「その試合が行われたのは1983年3月23日の山口県立体育館。“アンドレの脚を折った男”として勇躍凱旋したカーンはもちろん当時のトップクラスだったし、一方の藤原はいち前座。その藤原が前夜、旅館での選手そろっての夕飯の席において、カーンに対し『強くもないくせに』と毒付いたんだ。酒の勢いもあったんだろうけど、年齢的にも後輩である藤原からそんなことを言われたのではカーンとしても黙っていられない。互いに『この野郎!』ともみ合いになった。たまらず猪木が『だったらリングの上でやってみろ!』と両者に告げ、翌日急きょ試合が組まれることになったんだ」(当時を知るスポーツ紙記者)
試合は当然ガチンコで、藤原が一方的に関節地獄に引き込むと、カーンは防戦一方になってしまった。これを見かねた長州力とマサ斎藤が乱入すると、カーンの反則負けとして試合の幕は引かれた。
まだ“テロリスト”として注目される以前、地味な前座にすぎなかった藤原がスター選手のカーンを手玉に取る様子を見て、当日会場に詰め掛けたファンたちは一体どんな感想を抱いただろうか。
「ただ、ファンにはあまり知られていなかったとはいえ、道場での藤原の強さは際立っていたから、選手たちからすれば当然の結果ではあった」(同・記者)
その技術の高さゆえに、格闘技戦前には猪木の練習パートナーを、また海外遠征時にはボディーガード役までも務めた。当時は新日道場へ“道場破り”が来ることもしばしばあったが、その相手を務めたのも決まって藤原だった。
藤原の実力を示す逸話としては「入門から10日でデビュー」というものもある。新日入門の以前から元レスラーのジムに通い、プロレスラーとしての基礎練習を積んでいたとはいうが、それでもしょせんは素人のマネ事。簡単に現実のリングに対応できるものではない。
それでいて新日がデビューを認めたのは、それだけの実力を練習の中で見せていたからに違いない。モハメド・アリ戦の直前練習の際には、ボクシングはほぼ初体験だったにもかかわらず、本職相手にジャブでグラつかせる場面もあり、アリからボクサー転向のスカウトを受けたとの話もある。
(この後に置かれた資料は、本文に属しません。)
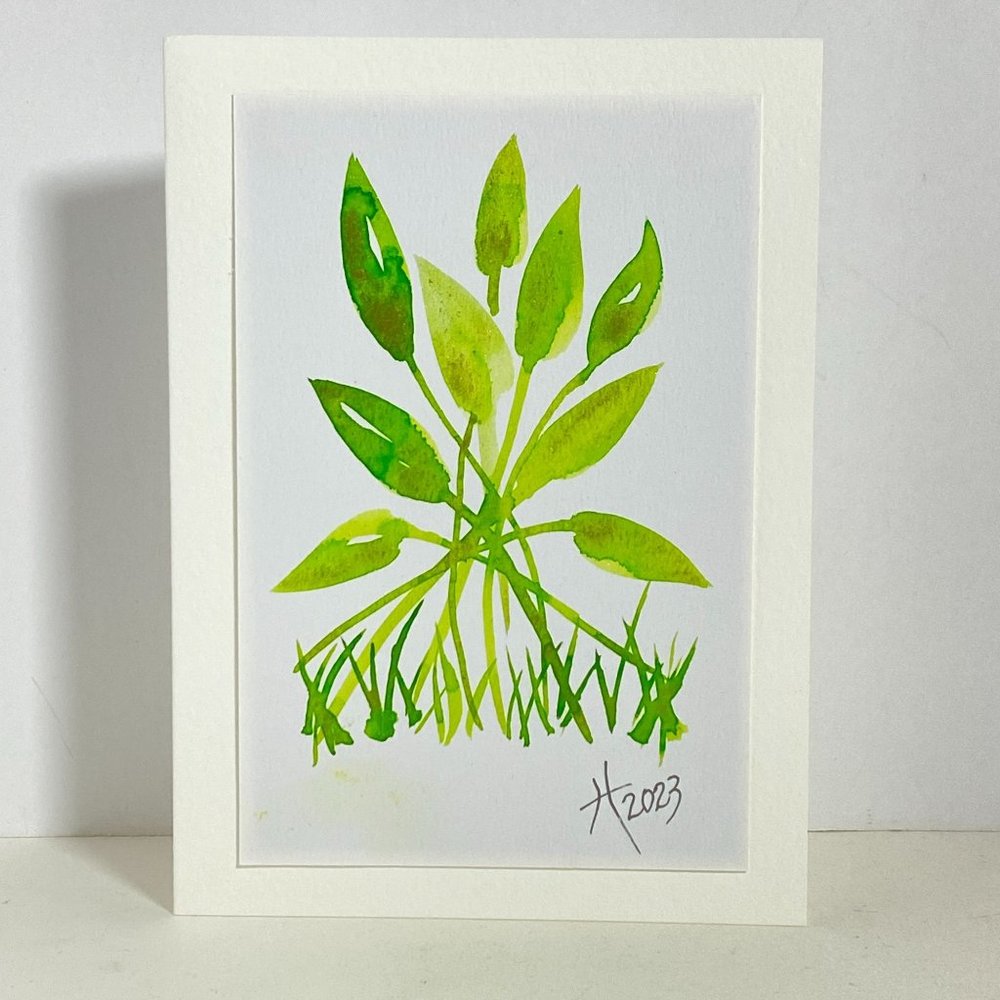 Watercolor Art Handmade Original Greeting Card and Envelope Suitable for Framing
その来歴や風貌もあって“努力型”とか“苦労人”と見られがちな藤原だが、実際はこのエピソードのように天才的な面を持ち合わせていたのだ。総合格闘技ブームのころ、藤原本人は「自分にはテイクダウンの技術がないから」と謙遜気味のコメントを残しているが、天才ゆえに「本気で取り組めば何とかなったかも」との幻想も抱かせる。
そんな藤原のブレイクスルーは、言わずと知れた、1984年の“札幌テロリスト事件”である。
ただ、もともとこれは藤原売り出しのために企図されたものではなく、第一義はあくまでも“名勝負数え唄”といわれた長州vs藤波のマンネリ打破にあった。
「猪木さんが、試合前夜に突然、『毎度同じようなことをやってもつまんねえだろう』と、独断でこれをぶち壊すことにしたんだ。そのとき乱入させる選手は誰でも良かった。ミスター高橋の本では小杉俊二が最初の候補だったと書いてあったけど、俺は木戸修だったと聞いている。とにかく藤原が選ばれたのは偶然の結果だった」(新日プロ関係者)
しかし、それが藤原にとっては幸甚となった。
とりわけ影響が大きかったのは、古舘伊知郎の“テロリスト”なる命名だ。これにより猪木の思い付きにすぎなかった乱入劇が明確な輪郭を持ち、なおかつ藤原個人のキャラクターも際立たせることになった。
その後も、UWFにおいては主役の一端を担い、また『藤原組』としては(直前に崩壊したSWSの代替開催ではあったが)東京ドーム大会まで開催した。地味で無口な仕事人が、タレントとしてテレビ等にも活躍の場を広げていった。
一度のチャンスをしっかりモノにするだけの実力が備わっていたからこその成功ではあったが、それでもやはり、人生とは不思議なものだと思わずにはいられない。
〈藤原喜明〉
1949年、岩手県出身。会社員や板前を経た後、'72年、新日本プロレス入門。'84年、長州力への花道での暴行をきっかけにブレイクすると、同年旗揚げされたUWFに参画した。レスラー以外に俳優、タレントとしても活躍。